Day after UN panel established, Turks stay busy protesting

US: UN flotilla panel can repair historic Turkey-Israel relationship.

Haniyeh grandson 311 (photo credit: AP Photo/Hatem Moussa)
Haniyeh grandson 311
(photo credit: AP Photo/Hatem Moussa)
Turkey’s Foreign Ministry was busy summoning foreign diplomats on Tuesday, separately calling in the chargé d’affaires of the US Embassy, and Israel’s ambassador Gaby Levy, to protest comments by their respective countries.
The US diplomat was called in, according to the Istanbul-based newspaper Hürriyet’s Web site, to hear a Turkish protest over the statement that Washington’s ambassador to the UN, Susan Rice, issued following Monday’s announcement that Israel had agreed to the establishment of a UN panel on the May 31 Gaza flotilla incident.
Rice said that “the panel, which has the support of both Israel and Turkey, will receive and review the reports of each government’s national investigation into the incident and make recommendations as to how to avoid such incidents in the future. This panel is not a substitute for those national investigations. It complements them, affording Israel and Turkey the opportunity to present the conclusions of their investigations to the international community.
“The focus of the panel is appropriately on the future and on preventing such incidents from recurring,” the statement continued. “The United States also hopes that the panel can serve as a vehicle to enable Israel and Turkey to move beyond the recent strains in their relationship and repair their strong historic ties.”
According to Hürriyet, the Turkish Foreign Ministry expressed displeasure over the comments.
“The US statement limits the mission of the probe,” a ministry official was quoted as saying. “Saying ‘the probe is not a substitute for national investigations’ is misleading. This mechanism is not for the reconciliation of Israel and Turkey. This problem is not just a matter between Turkey and Israel; it’s an international problem, since there were citizens of 30 different countries on the flotilla.”
In Israel, meanwhile, one Foreign Ministry official said it was clear that the UN panel was a review panel and not an investigative committee.
Deputy Foreign Ministry Danny Ayalon said Tuesday it was important for the panel to find out the “rationale and motivation” of the flotilla, as well as the background of those who organized and financed the sailing, and who “masqueraded” as peace activists.
Israeli officials dismissed as unimportant Turkish headlines Tuesday saying Israel had caved in on the panel.
“So what?” one official said when asked about the headlines. “We think the panel, as it is now constituted, is the lesser of all evils.”
As if the flotilla incident weren’t enough of an irritation to Israeli- Turkish ties, the Turkish Foreign Ministry called in Israel’s envoy to protest recent remarks by Defense Minister Ehud Barak about concerns that sensitive Israeli intelligence information could have made its way from Turkish to Iranian hands.
Barak, at a closed Labor Party meeting last week, expressed concern over the recent appointment of Hakan Fidan as the chief of Turkey’s intelligence organization.
Apparently unaware that his comments were being recorded, Barak said, “In recent weeks, a man who is a supporter of Iran was appointed to head Turkey’s Mossad.

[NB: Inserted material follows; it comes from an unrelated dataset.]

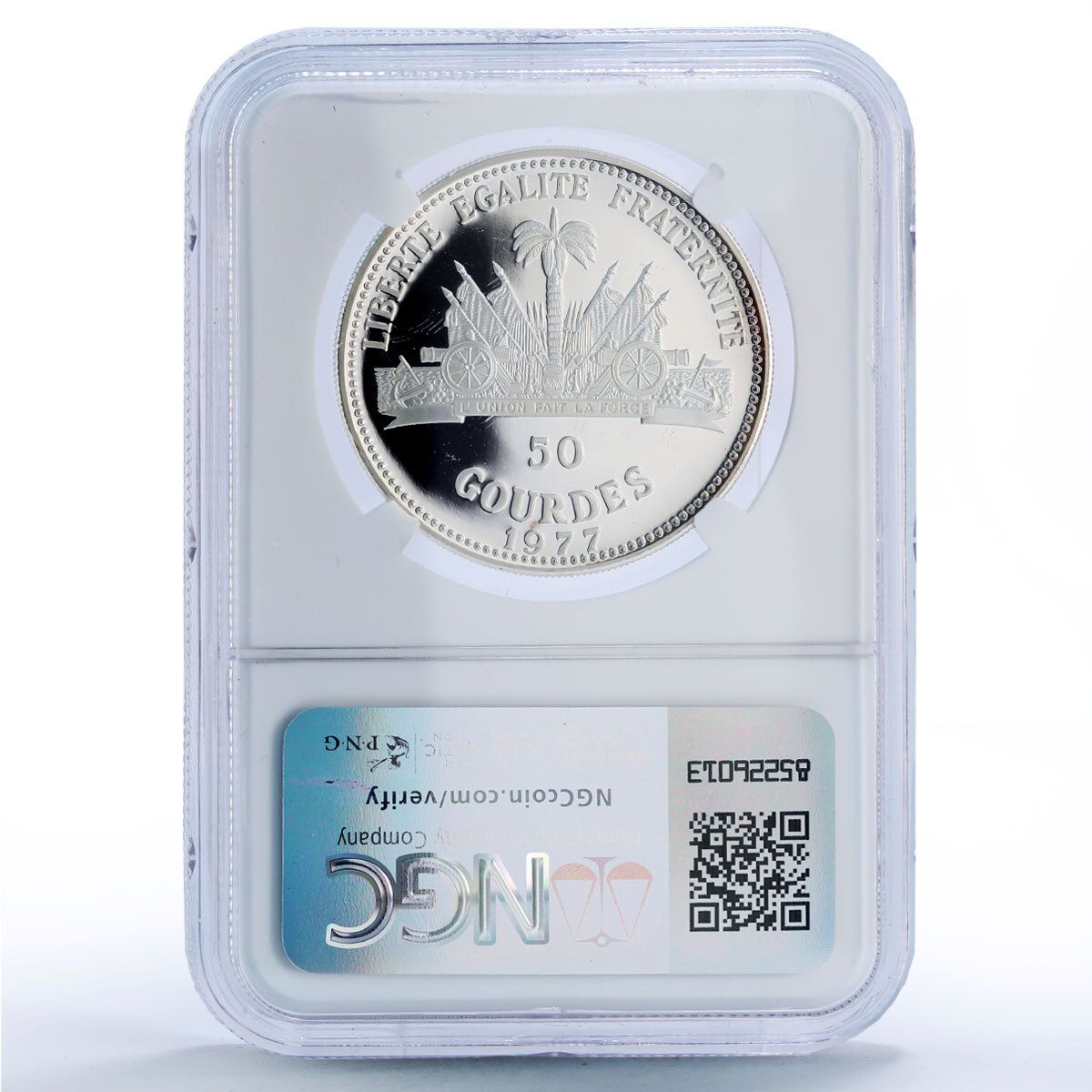 NGC-MS68 ハイチ 1981 世界食糧デー記念 銀貨 50Gourdes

There are a fair number of our secrets that are in [Turkish] hands. The thought that in the past two months they could have been open to the Iranians is quite disturbing.”
Even though the highest echelons of Turkey’s government, first and foremost Turkish Prime Minister Recep Tayyip Erdogan, has unleashed vicious criticism of Israel for months, the Web site of the Turkish paper Today’s Zaman quoted security experts as complaining that Barak’s statements “are not only discourteous but also an effort to delegitimize the Turkish government.”
Barak’s comments apparently touched a raw nerve in Ankara, which is very sensitive to concerns, expressed in recent weeks in Israel and elsewhere, that Turkey’s lurch eastward could compromise sensitive military and security information to which the country is privy as a NATO member, and as the recipient of billions of dollars’ worth of Israeli and American arms and military technology.